Dopo di che abbiamo utilizzato il campo pratica per allenarci con tranquillità sui colpi e le traiettorie che avevamo scelto di tirare dal battitore. Abbiamo inserito un solo nuovo bastone che ci è servito per coprire una distanza che in quel momento non avevamo in sacca e che ci è poi servita in molte occasioni durante la gara.

Lavoro molto meno stancante e molto più mirato alla performance rispetto alle 18 buche consecutive che nelle prove campo dei major possono durare quasi sei ore. In questi tracciati è ovviamente fondamentale essere precisi dal tee per darsi l’opportunità di tirare alla bandiera. Ma è anche importantissimo allenarsi dalle distanze intorno ai 100 metri, che poi sono quelle che spesso ti capitano per recuperare il par quando manchi il fairway e sei costretto a ributtarla in pista con un sand wedge.

Per quanto tu possa tirare bene il drive devi mettere in preventivo di dover giocare almeno quattro secondi colpi dal folto rough o, se sei più fortunato, dai bunker che difendono i fairway, che ti lasciano comunque più controllo del colpo e possibilità di recupero rispetto all’erba incolta che ti avvolge e nasconde la palla. In alcuni U.S. Open la media dei fairway presi da giocatori finiti poi nei Top 20 è stata addirittura inferiore al 50%!

Ritornando all’edizione dello scorso anno è stato davvero emozionante vedere Guido eseguire alla perfezione durante la gara tutto ciò che avevamo programmato è allenato nelle prove campo. Molti dei colpi di recupero da noi studiati e praticati sono poi capitati nel torneo e Guido ci ha messo tutta la sua classe e freddezza per ripeterli al meglio e terminare con un ottimo e storico quarto posto. 

Lo U.S. Open è davvero una gara unica nel suo genere, per quasi tutti i giocatori l’obbiettivo è riuscire a mantenere la calma e soprattutto non farsi sopraffare dalle insidie del percorso. Quando ti mantieni intorno al par sai bene di non essere lontano dal leader e di avere ancora possibilità di vittoria.

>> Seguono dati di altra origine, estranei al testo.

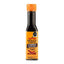 México Lindo Capitán Black Sauce with Chile de Árbol – 6 fl oz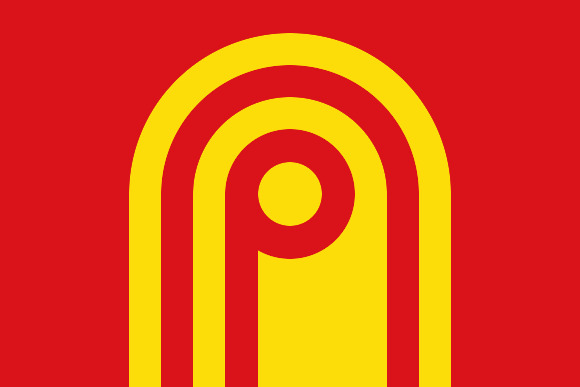 0014_0000-0167_0000 drapeau bangagnole v6.jpg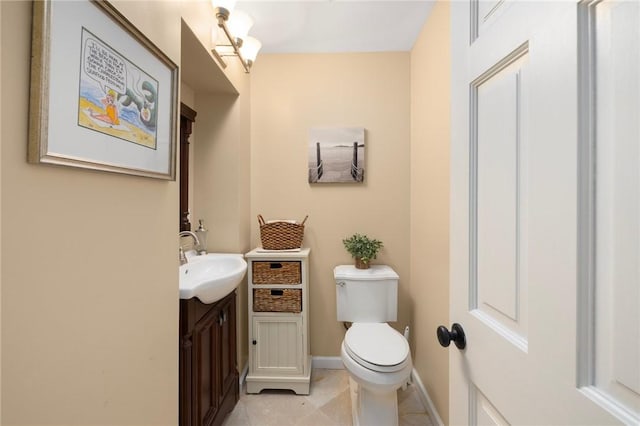 25 Willow Dr, Hopkinton, RI 02832 - photo 23
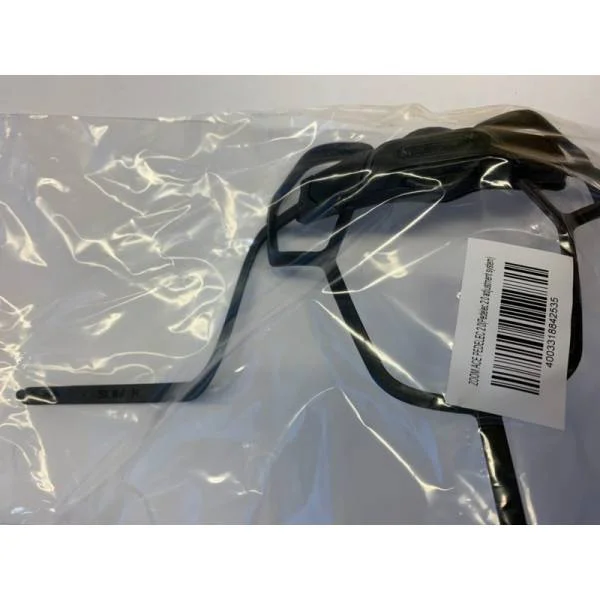 hollandbikeshop2-1354529
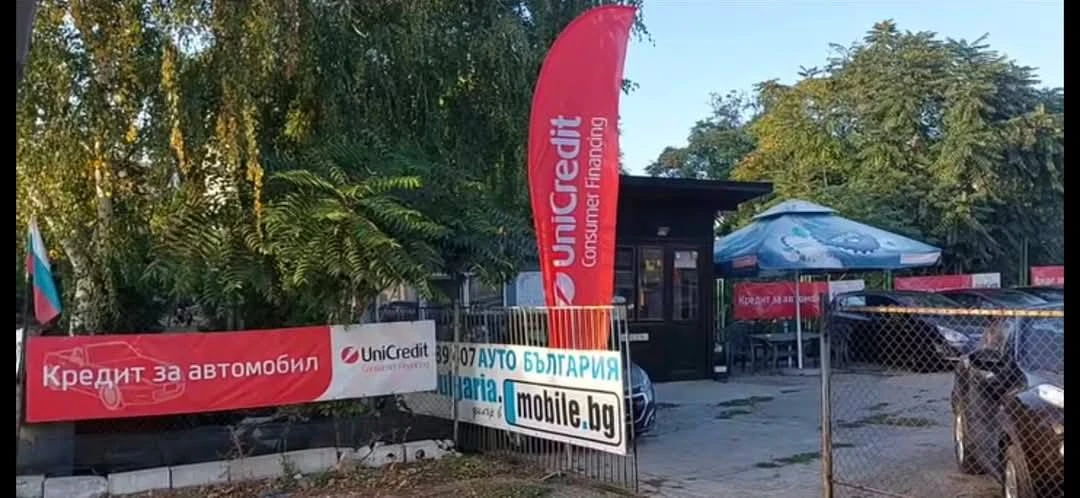 VW Passat 2.0TDI* AUTOMATIC-DSG* * 36�. � 92EUR. *  | Mobile.bg � ����������� 17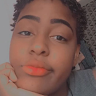 lululalapopola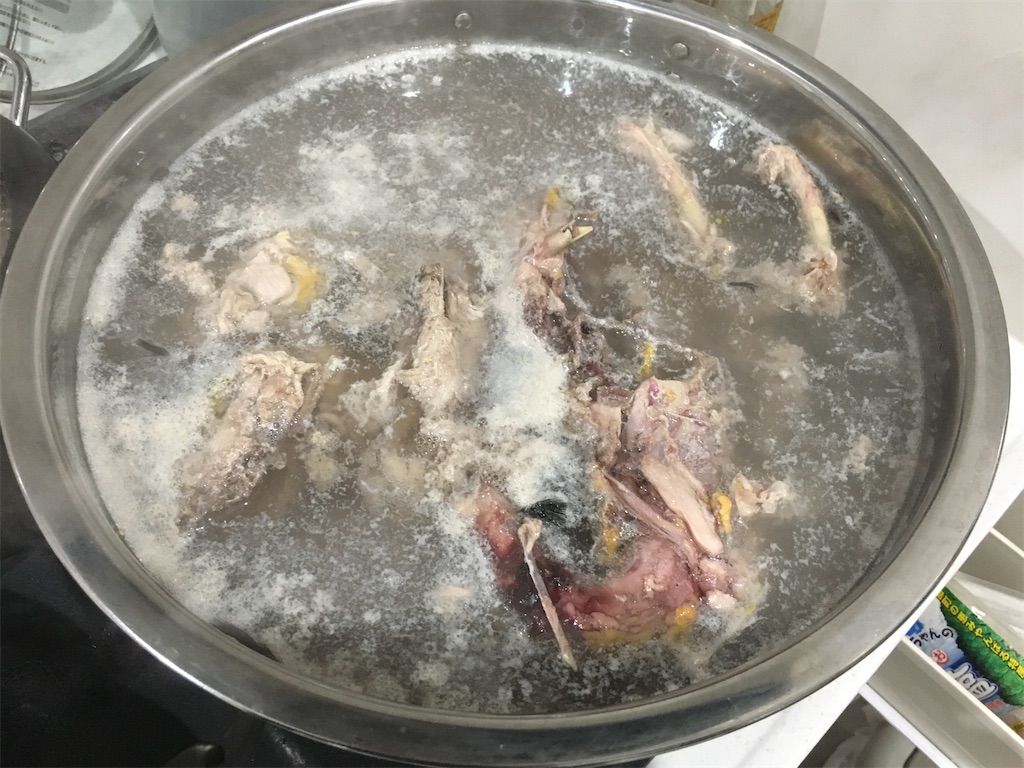 f:id:kitchenlabo_A-kun:20200529130119j:image f:id:kitchenlabo_A-kun:20200529130119j:image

Solo chi è in gran forma può davvero pensare di accettare la sfida e di provare a battere il campo.

Quest’anno sarà il The Country Club di Brookline ad ospitare la 122esima edizione. Il campo è stato portato a Par 70 ed è anche stato notevolmente allungato rispetto alle edizioni precedenti. Essendo questo percorso famoso per avere green piccoli duri e ben difesi sarà quindi importante scaldare bene il sand wedge e farlo lavorare al meglio!